Binary Tree Longest Consecutive Sequence LeetCode Solution

Table of Contents

Problem Statement

Binary Tree Longest Consecutive Sequence LeetCode Solution – Given the root of a binary tree, return the length of the longest consecutive sequence path.

The path refers to any sequence of nodes from some starting node to any node in the tree along with the parent-child connections. The longest consecutive path needs to be from parent to child (cannot be the reverse).

Input: root = [1,null,3,2,4,null,null,null,5]
Output: 3
Explanation:

Longest consecutive

 sequence path is 3-4-5, so return 3.

Explanation For Binary Tree Longest Consecutive Sequence

Just very intuitive depth-first search, send cur node value to the next level and compare it with the next level node.

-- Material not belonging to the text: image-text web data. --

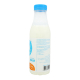 Молоко Organic Milk 3,5% пет 470г х10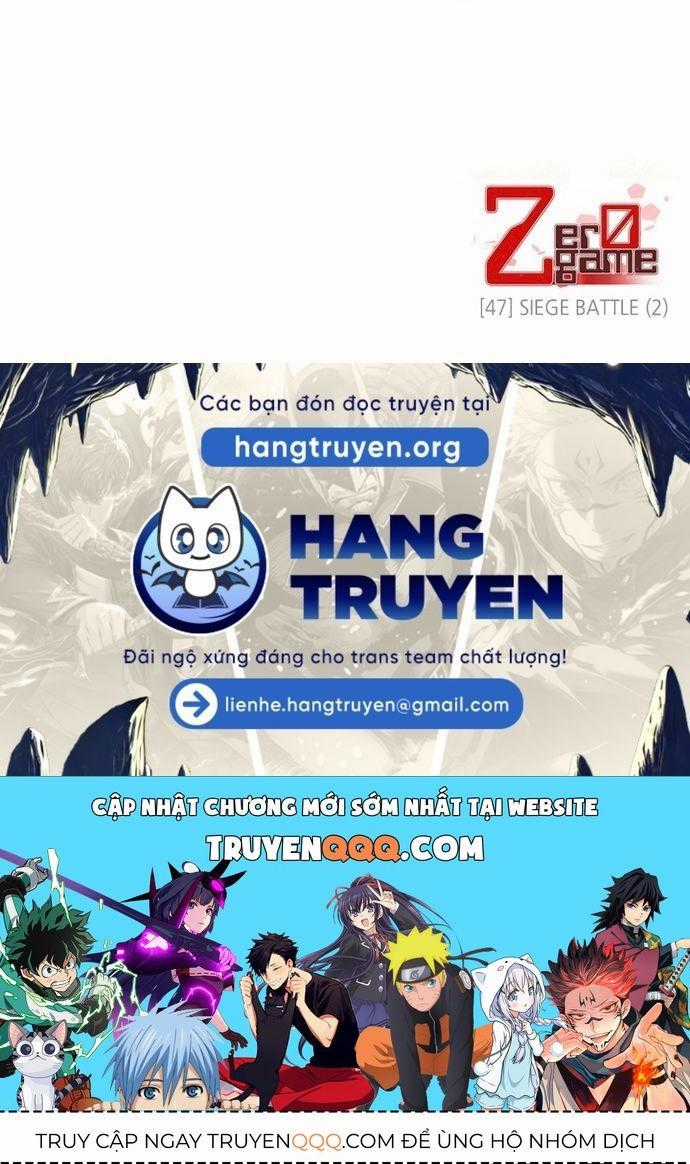 Zero Game Chương 47 trang 122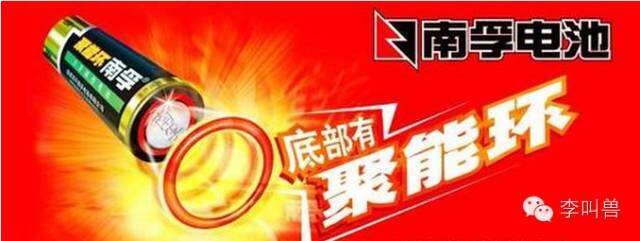 最全「品牌人格清单」实例分享：品牌有哪些基本款性格？-广告人干货库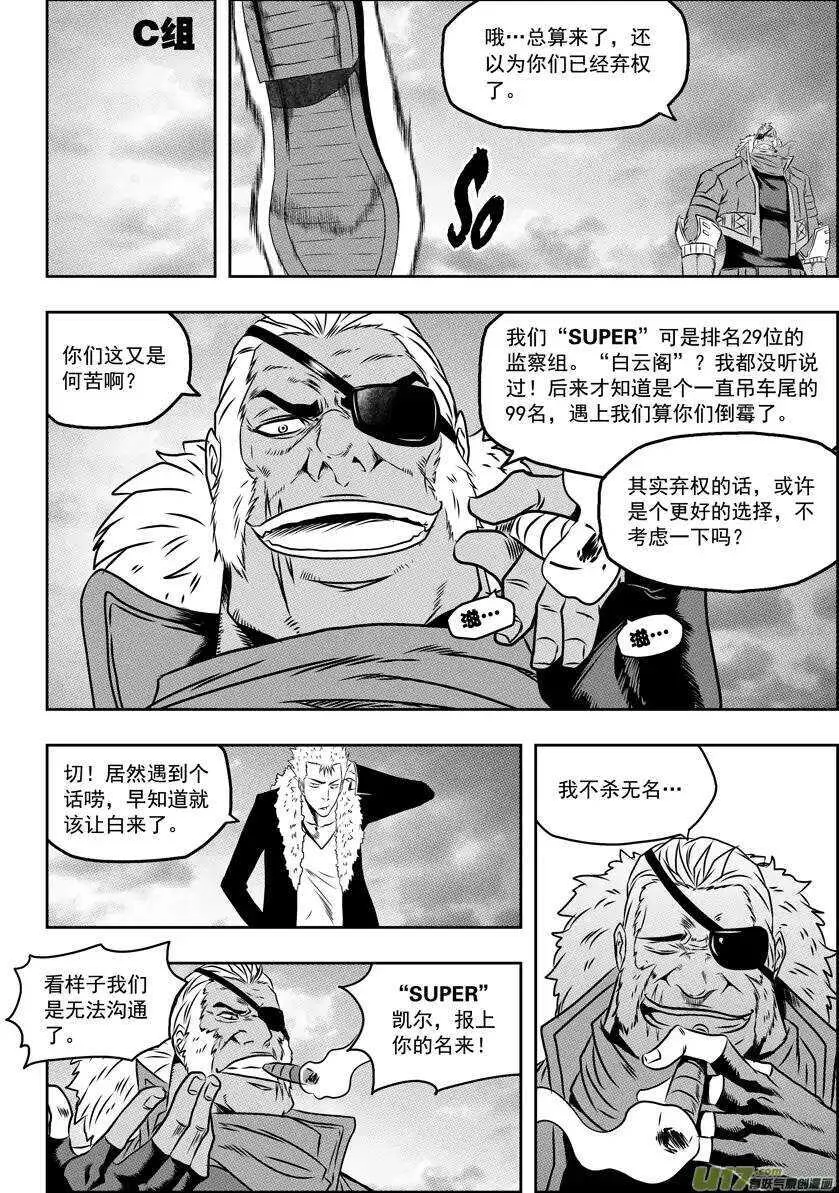第66话 比赛开始 第11页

Code for Binary Tree Longest Consecutive Sequence LeetCode Solution

C++ Code

class Solution {
public:
    int longestConsecutive(TreeNode* root) {
        return search(root, nullptr, 0);
    }
    
    int search(TreeNode *root, TreeNode *parent, int len) {
        if (!root) return len;
        len = (parent && root->val == parent->val + 1)?len+1:1;
        return max(len, max(search(root->left, root, len), search(root->right, root, len)));
    }
};

Java Code

public class Solution {
    private int max = 0;
    public int longestConsecutive(TreeNode root) {
        if(root == null) return 0;
        helper(root, 0, root.val);
        return max;
    }
    
    public void helper(TreeNode root, int cur, int target){
        if(root == null) return;
        if(root.val == target) cur++;
        else cur = 1;
        max = Math.max(cur, max);
        helper(root.left, cur, root.val + 1);
        helper(root.right, cur, root.val + 1);
    }
}

Python Code

class Solution:
     def longestConsecutive(self, root: TreeNode) -> int:
        def longest_path(root):
            if not root:
                return 0
            length = 1
            l = longest_path(root.left)
            r = longest_path(root.right)
            if root.left and root.left.val == root.val + 1:
                length = max(length, 1 + l)
            if root.right and root.right.val == root.val + 1:
                length = max(length, 1 + r)
            res[0] = max(res[0], length)
            return length
        
        res = [0]
        longest_path(root)
        return res[0]

Complexity Analysis For Binary Tree Longest Consecutive Sequence

Time Complexity: O(n) DFS traversal of a binary tree with n nodes takes O(n) time.

Space Complexity: O(1) no extra space is used.

Reference: https://en.wikipedia.org/wiki/Depth-first_search